The director of The Sea Hawk was Michael Curtiz, who also directed the 1942 classic Casablanca, starring Humprey Bogart and Ingrid Bergman. The well-known song As Time Goes By was not written by the composer of the film’s score, Max Steiner, but is actually a holdover from the stage play on which the movie is based. When he wasn’t allowed to replace the song with one of his own composing, Steiner decided to make Herman Hupfeld’s melody the basis of his entire soundtrack score.
The 1951 screen adaptation of Tennessee Williams’ Pulitzer Prize-winning play A Streetcar Named Desire provided the breakout role for Marlon Brando. Alex North received two Academy Award nominations that year, one for his jazz-based score for Streetcar and the other for Death of a Salesman.
The illustrious British composer William Walton was originally hired to provide music for MGM’s 1959 biblical epic Ben Hur. Walton was replaced by Miklos Rozsa, who composed more than three hours of music for the film and also conducted the 100 piece MGM Symphony for the soundtrack.
The opening section of Richard Strauss’ tone-poem Also Sprach Zarathustra (Thus Spake Zarathustra) has become well-known to general audiences through its use as the signature tune in 2001: A Space Odyssey. Stanley Kubrick’s 1968 adventure-epic also uses music by Johann Strauss Jr., Aram Khachaturian and Hungarian modernist Gyorgy Ligeti.
The James Bond franchise has produced the longest-running and most popular series of films in Hollywood history. Our medley features Monty Norman’s original Bond theme as well as For Your Eyes Only (Bill Conti), Live and Let Die (Paul and Linda McCartney) and Goldfinger (John Barry.)

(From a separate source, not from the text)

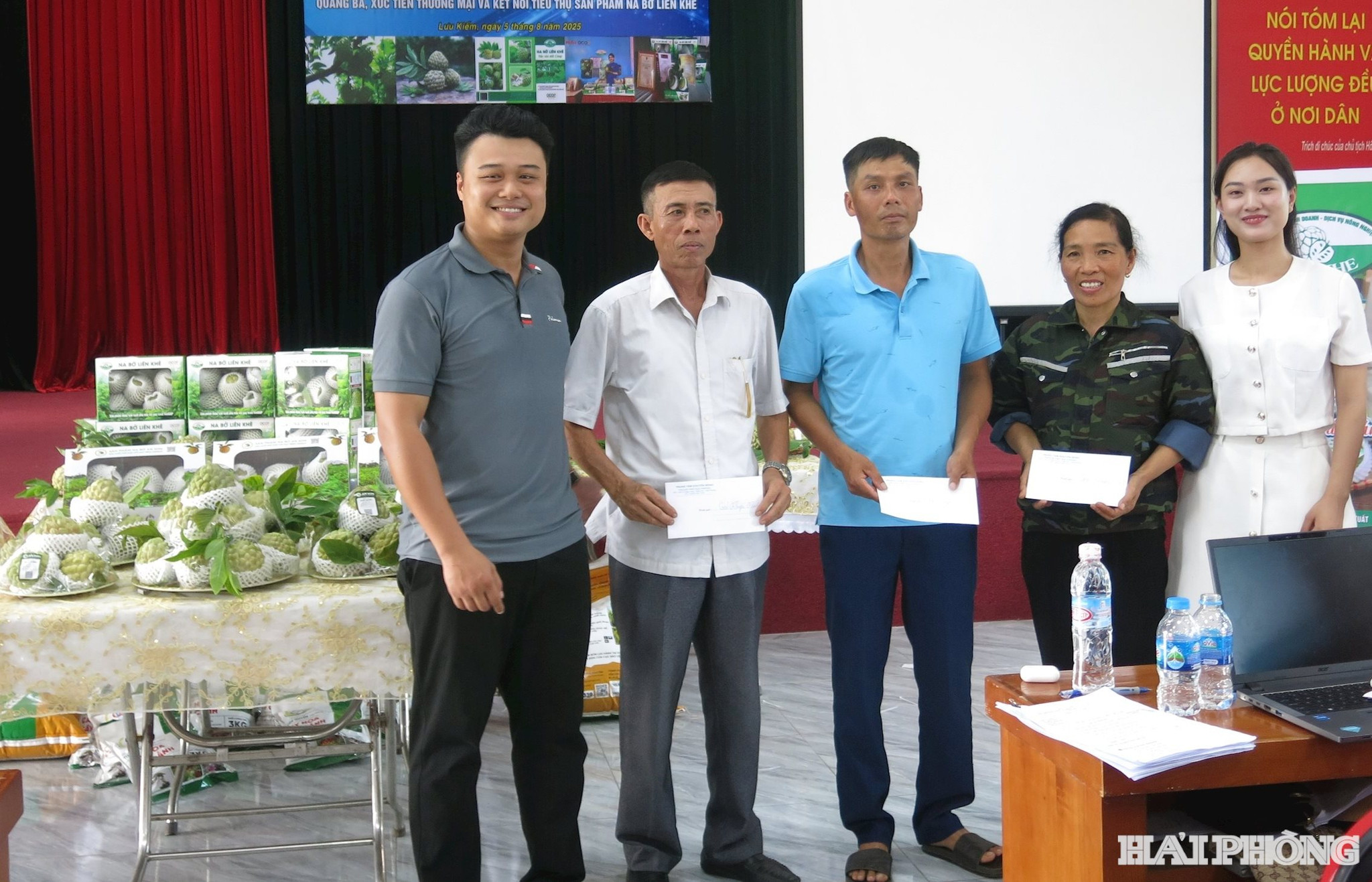 khen-thuong-1-(1).jpg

Nino Rota, famed for his work with Italian directors Fellini and Visconti, supplied the score for Paramount’s 1972 The Godfather. The main theme, Speak Softly, Love, was awarded a Grammy and Rota also won a Golden Globe for best musical score. Paramount executives had not wanted to use Rota’s music, finding it “too highbrow”, and the music was included in the film only at the insistence of director Francis Ford Coppola.
For range, versatility and popularity, it would be hard to top John Williams, the dean of contemporary film score composers. The Raiders March from 1981’s Raiders of the Lost Ark, is a representative example of Williams’ work in the action-adventure genre. A more somber note is sounded in the music to Schindler’s List (1993). Williams initially resisted writing the score, telling director Steven Spielberg, “You need a better composer than I am for this film.” The director responded, “I know. But they’re all dead.” The score garnered Williams his fifth Academy Award for best musical score.

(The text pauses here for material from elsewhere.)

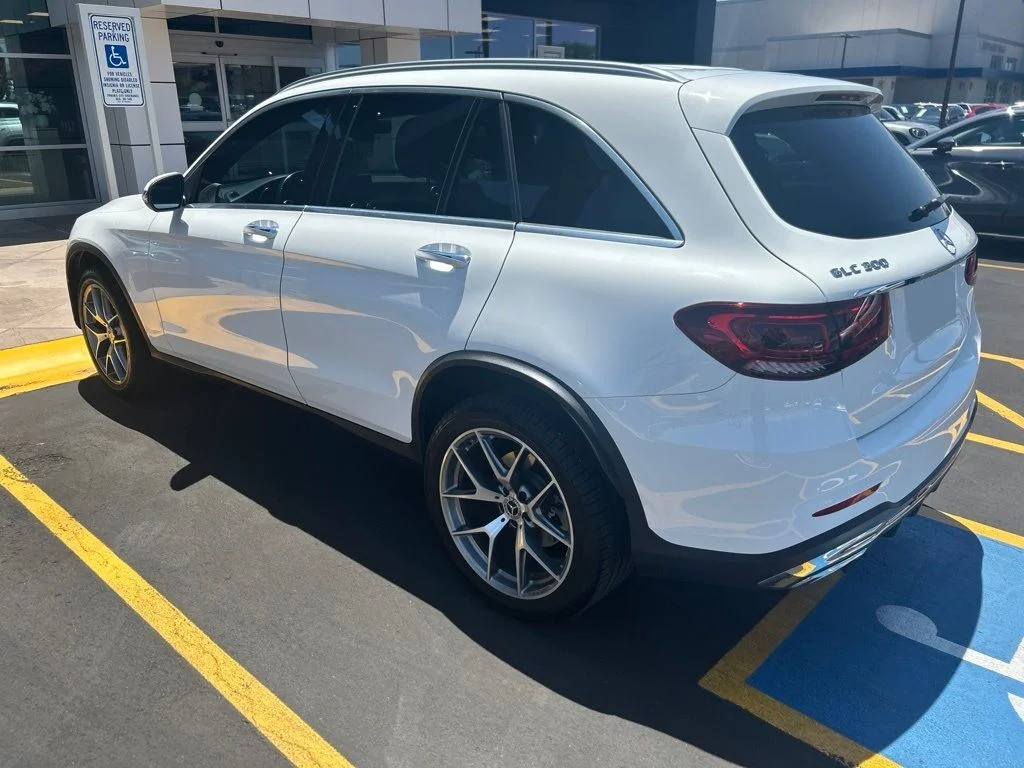 Used 2020 White Mercedes-Benz GLC 300 image 4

Cinema Paradiso, the touching story of an orphaned boy’s love for the movies set in post-war Sicily, won the Academy Award for Best Foreign Film in 1988. The glowing musical score is by Ennio Morricone (assisted by his son Andrea), a composer best-known to Americans for his many spaghetti-Western soundtracks.
Producer/Director James Cameron had not initially wanted any music with sung texts in his 1997 disaster epic Titanic. My Heart Will Go On was written in secret by composer James Horner and was added to the film only after Cameron heard the demo tape with Celine Dion. Not only did Cameron love the song, but it also placated studio executives who were worried about the film’s budget and thought that a hit song would increase revenue. They need not have worried. Titanic was the first film to gross over a billion dollars.
Pirates of the Caribbean: The Curse of the Black Pearl initiated a critically and commercially successful series of films starring Johnny Depp in 2003. The most recent installment, Dead Men Tell No Tales, is slated for release this May. Klaus Badelt and Hans Zimmer collaborated on the score of the first film and our concert tonight closes with Garth’s own arrangement of a toe-tapping pirate tune. Arrgh!